» Data extract:
Content starts
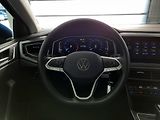Volkswagen Taigo (2023) 1.0 TSI (81kW/110k) DSG, Style - náhled 14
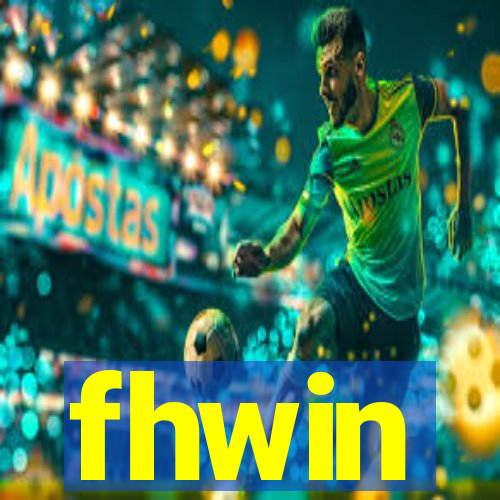 fhwin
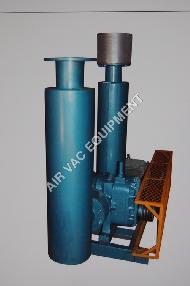 Coir Fiber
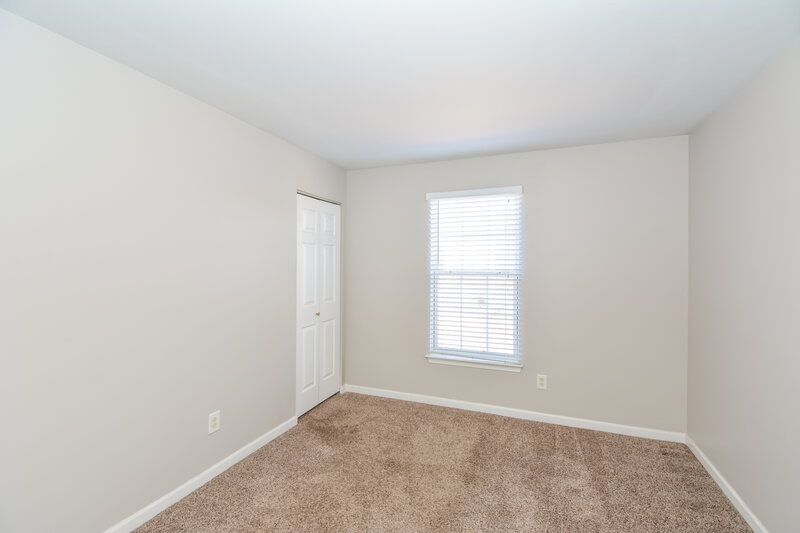 2,645/Mo, 1437 Timber Ridge Cir Nashville, TN 37211 Misc View 14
Content ends
» About this exercise: Reproduce the listing exactly, images omitted.

» Task result:
Volkswagen Taigo (2023) 1.0 TSI (81kW/110k) DSG, Style - náhled 14
 fhwin
 Coir Fiber
 2,645/Mo, 1437 Timber Ridge Cir Nashville, TN 37211 Misc View 14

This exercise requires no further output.